These days, during my reading of computer vision papers, I discover a recurrent theme: to orient CNN-based network to a specific CV task, most papers focus on designing new architectures of the network and/or loss functions. This approach seems obvious. And the Deep Learning book also suggests:
If gathering much more data is not feasible, the only other way to improve generalization error is to improve the learning algorithm itself.
I didn’t think deeply about the rationale behind it until I read the FlowNet paper. FlowNet is a CNN invented to estimate the optical flow in videos. I was wondering if there already exists some methods to calculate optical flow, why bother to design such a sophisticated CNN architecture. It is like to calculate the mean or other straightforward statistics with a neural net, or to use a cannon to kill a mosquito. It turns out that estimating optical flow is a more difficult problem (don’t know if it is an “AI-complete” problem), and FlowNet showed neural net is feasible for such task regarding speed and accuracy.
Although I am a novice to CV, I have the gut feeling that the research trends in CV have shifted from designing better hand-engineered features to designing better architectures that enables CNN to extract features automatically. It all began since 2012 when AlexNet won the ImageNet classification contest. With enough data, automatic feature extraction outperforms hand-engineering features in a number of ways: more accuracy, more adaptive to the problem, end-to-end training. One thing in common though, is that both requires extensive human design effort. It’s true that deep learning models require less domain knowledge than hand-engineering approach, but still, it relies on the careful design of network architecture and/or objective function.
Investing extensive human effort in the design of better features, the rationale is obvious: we program the machine to computer step 1, 2, 3 to get the desired output. The process is like developing a new recipe, the outcome is more or less deterministic as long as you follow the procedure. The model does not care about the end goal, it is only an executive machine. In contrast, the deep neural network is less controllable by its designer (and so less interpretable). That’s why many machine learning partitioners call it alchemy. Then, how does the intuition-guided design of the network will lead to the search of an optimal hypothesis in the stochastic super high-dimensional hypothesis space?
This problem kept haunting me for a few days, until one night when I was preparing a bath for my toddler son, I threw a new toy into his bathtub and plan to teach him how to play later. To my surprise, just during the several minutes of my teeth brushing, he had already played with it just as I expected! At that moment, I realized that he is no longer the little one whom I will need to teach everything step-by-step. As long as he is equipped with a ready mind, a variety of toys and a supportive environment, he is capable to accomplish desired tasks with little to no guidance.

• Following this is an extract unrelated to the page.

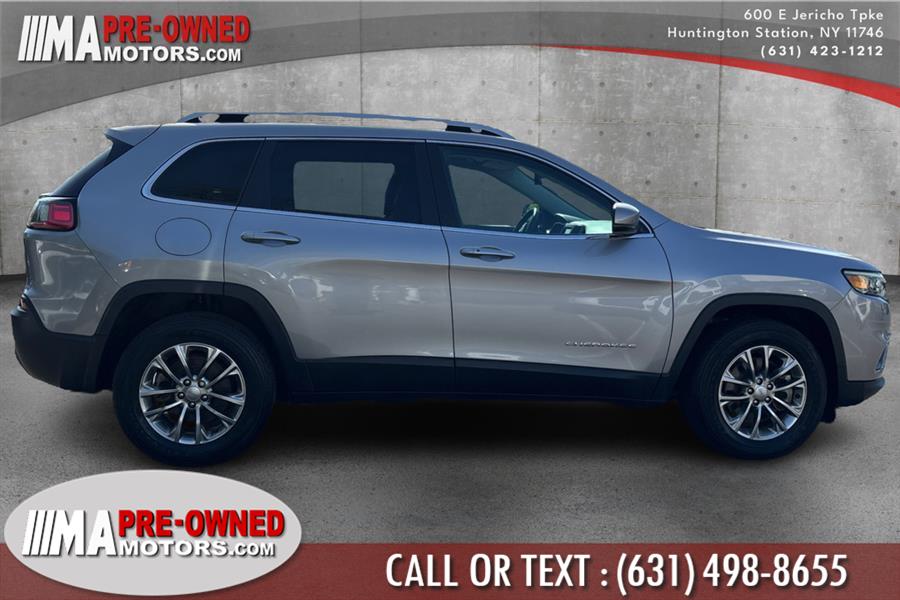 2021 Jeep Cherokee Latitude Lux 4x4, available for sale in Huntington Station, New York | M & A Motors. Huntington Station, New York 2021 Jeep Cherokee Latitude Lux 4x4, available for sale in Huntington Station, New York | M & A Motors. Huntington Station, New York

At my son’s bathtub, I suddenly began to connect my question with my son’s astonishing development, and see human learning as a metaphor for machine learning. Previous CV research on features engineering is like teaching a baby to accomplish a task. Parents need to design the best steps (features) for the baby (traditional ML model). When a baby’s brain developed to a certain degree (or when we change the paradigm of a model to enable it to learn on its own and equip it with enough data), a toddler (deep learning model) will discovery patterns to solve the problem by himself, and the child’s patterns are also invisible and uninterpretable to parents.
For parents, some of the child’s priors are not changeable, such as the gene. To facilitate the desired learning outcome, the changeable prior is the learning environment. As an analogy, for researchers, in the context that the size of the dataset can not be extended, the only prior that researchers can work on is the model architecture. Then the rest of the question becomes, how to design the learning environment (model architecture) that could best facilitate the desired learning outcome (better performance on CV tasks). I guess that could be the intuition to my question of why bother to design sophisticated CNN architecture.
When we look down into the model to observe how each parameter works to the learning outcome, it is similar to dive into the molecular level of the neuron in the child’s brain to see how learning happens. We humans don’t have much intuition at the micro level. But we have abundant experience at the macro level, which is the day-to-day human learning. Maybe such intuition is transferable to guide machine learning practice at the macro level.